▶ **Task to complete**
Drop every picture and give the entries back exactly.

▶ **Extracted material**
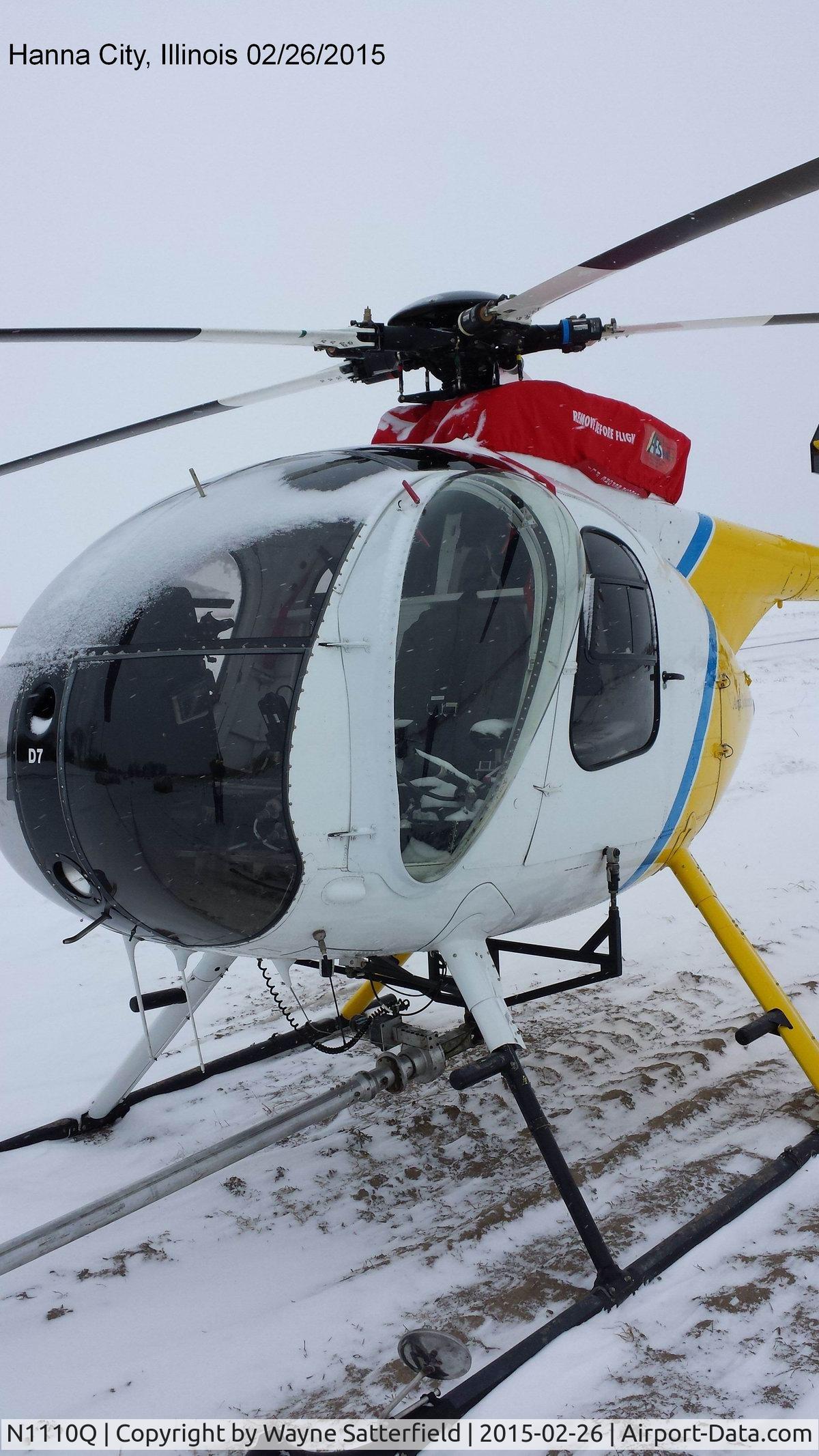 N1110Q, 1981 Hughes 369D C/N 611011D, Hanna City, Illinois 02/26/2015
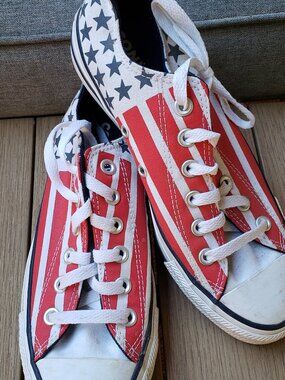 EUC CTAS Converse 'Stars & Stripes' varsity red/white/blue (8W, 6M) KICKS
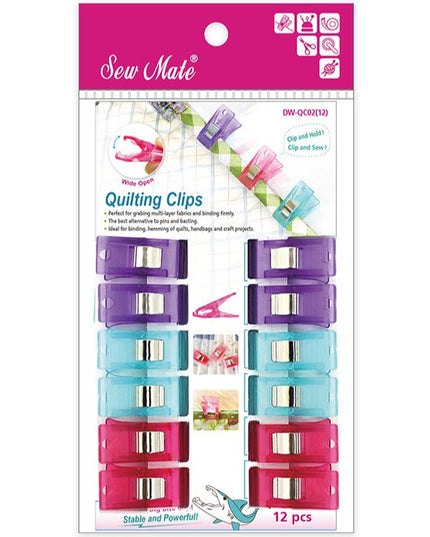 Quilting Clips / Tygklämmor 12-pack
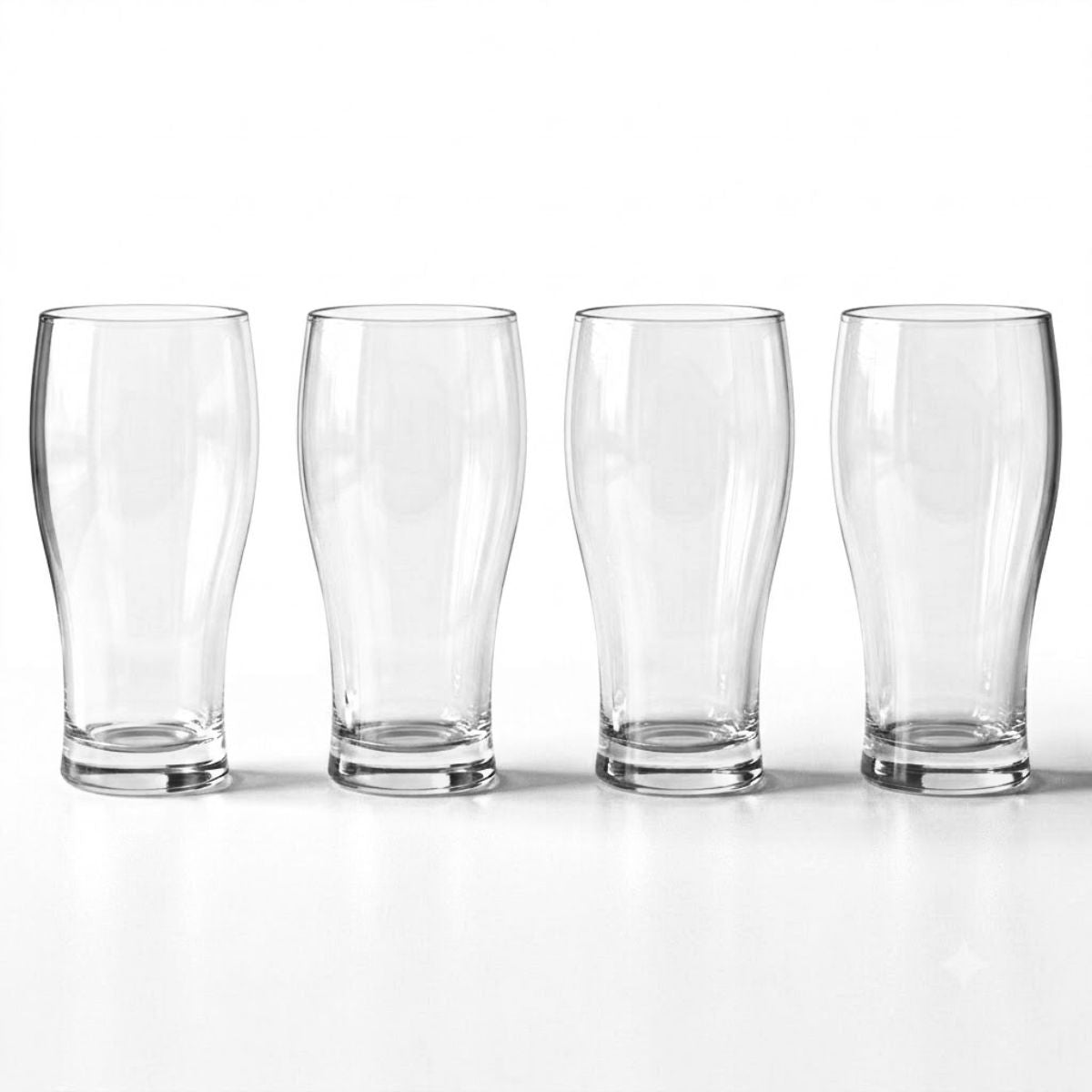 Set de 4 Vasos Cerveceros Amberes 560ml Allegra fondo blanco | Disparo.cl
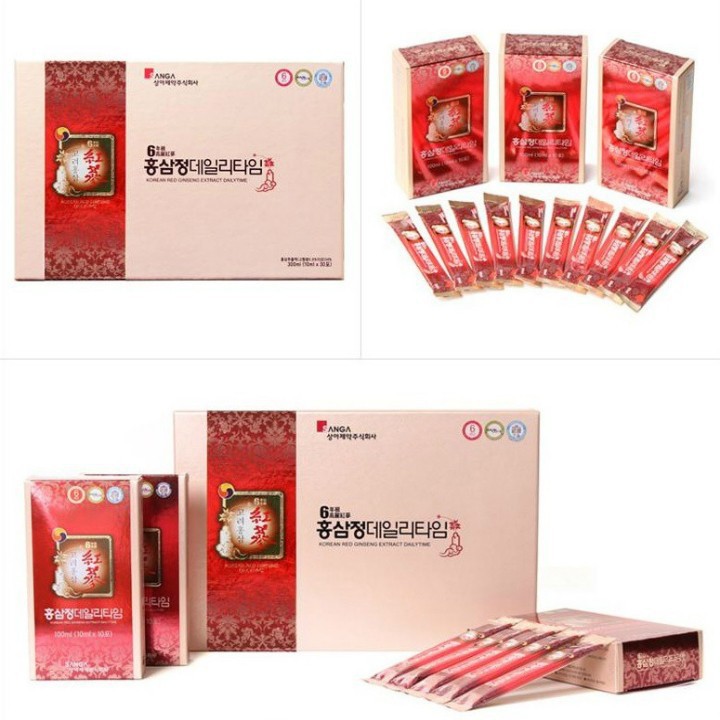 [DATE MỚI] Nước Hồng Sâm Nguyên Chất Sanga Người Lớn Hàn Quốc, Hộp  30 gói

▶ **Exercise output**
 N1110Q, 1981 Hughes 369D C/N 611011D, Hanna City, Illinois 02/26/2015
 EUC CTAS Converse 'Stars & Stripes' varsity red/white/blue (8W, 6M) KICKS
 Quilting Clips / Tygklämmor 12-pack
 Set de 4 Vasos Cerveceros Amberes 560ml Allegra fondo blanco | Disparo.cl
 [DATE MỚI] Nước Hồng Sâm Nguyên Chất Sanga Người Lớn Hàn Quốc, Hộp  30 gói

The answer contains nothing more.